I had been left to myself for more than three hours, and it was already getting dark, yet Trevor did not return. I therefore determined to go in search of him. I had just turned the corner of the street in which was the dark arch from which Marcus had emerged, when I saw Trevor and the black approaching. Jack had succeeded in drawing Marcus away from a lawless set of rascals, who were pirates of the worst class, by whom the latter had recently been captured, and had had his life spared upon taking the usual oath to join the crew of his captors. He was closely watched by them, so that Trevor could not get near him till the shades of evening had fairly set in.

Jack and Marcus were not long in bringing me to their way of thinking, that overland would be our safer way of reaching England; so we determined to lose our passage money, and on Marcus’s account more particularly, to take the easiest and quickest route to New York.

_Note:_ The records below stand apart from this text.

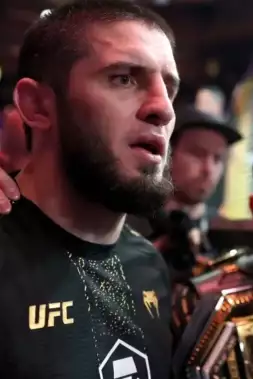 Makhachev konečně promluvil! Proč odmítl titulový zápas s Pratesem?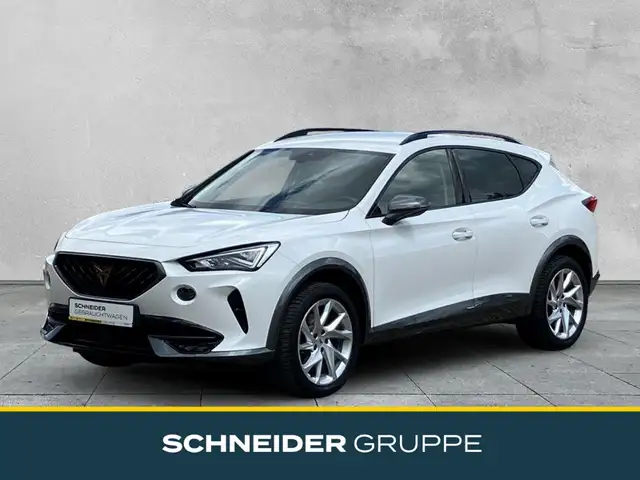 2023 Cupra Formentor in White for sale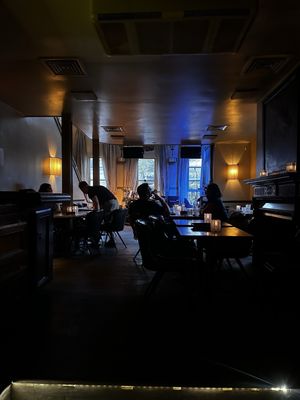 Two Nineteen Restaurant by null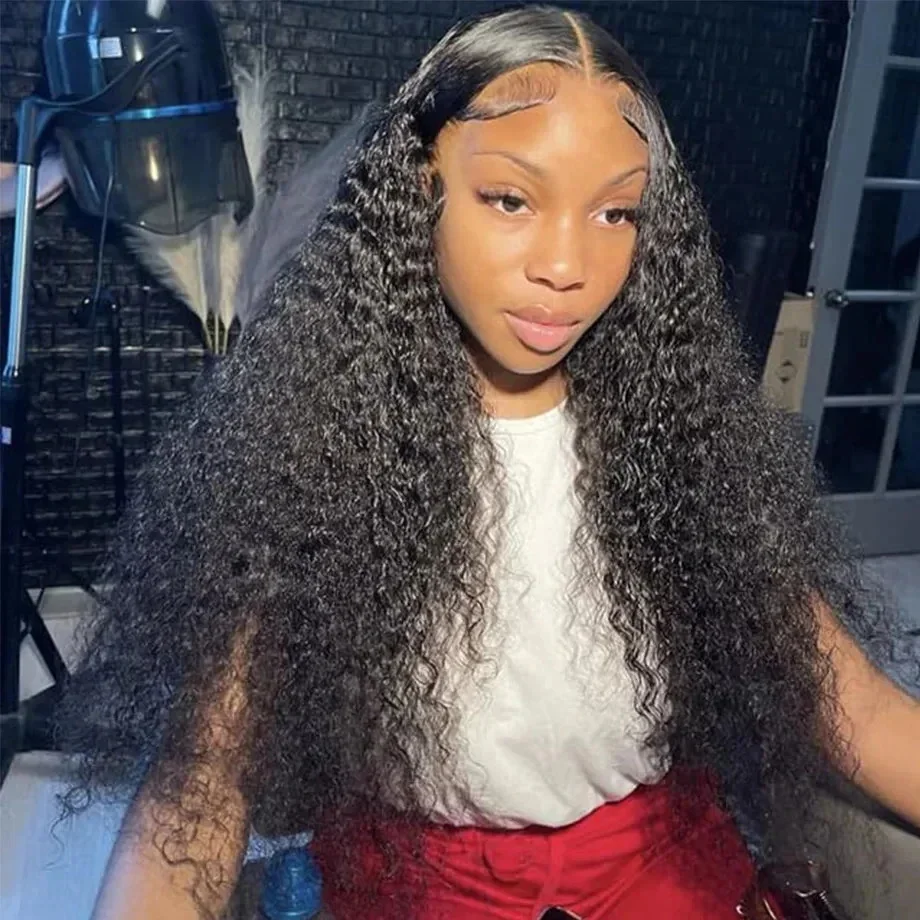 40 42 Inch Deep Wave 13x6 13x4 Lace Front Human Hair Wig 250% Curl 5x5 Lace Frontal Wig Human Hair Pre Plucke For Black Women
40 42 Inch Deep Wave 13x6 13x4 Lace Front Human Hair Wig 250% Curl 5x5 Lace Frontal Wig Human Hair Pre Plucke For Black Women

Peter would not leave me, and is still a member of my household, dealing often in the marvellous, and frightening the maids in the kitchen with his narratives of shipwreck and crocodiles, of pirates and savages, and of blood and murder.

With our quitting San Francisco our perils and adventures came to an end, and we reached Liverpool in time to see Marcus on his way to Liberia, with letters of recommendation, before accepting dear Aunt Becky’s invitation to spend Christmas at Merton Lodge, and to spread out before her the trophies I had promised at starting, among which her drawing-room exhibits, by way of hearth-rugs, two panther skins, and, in large glazed cases, a lot of stuffed birds and reptiles, including a rattlesnake and a boa-constrictor.

I need not say that Ready is a great favourite with all the household, and that with true canine sagacity he knows how to make the most of his popularity. He seems to imply by his manner that the stuffed trophies would scarcely have been where they are but for him, and his bright eyes express as plainly as tongue can doQuorum pars magna fui, whenever Trevor and I have to narrate, for dear aunt’s repeated gratification, how the living creatures themselves were captured and where they ran wild.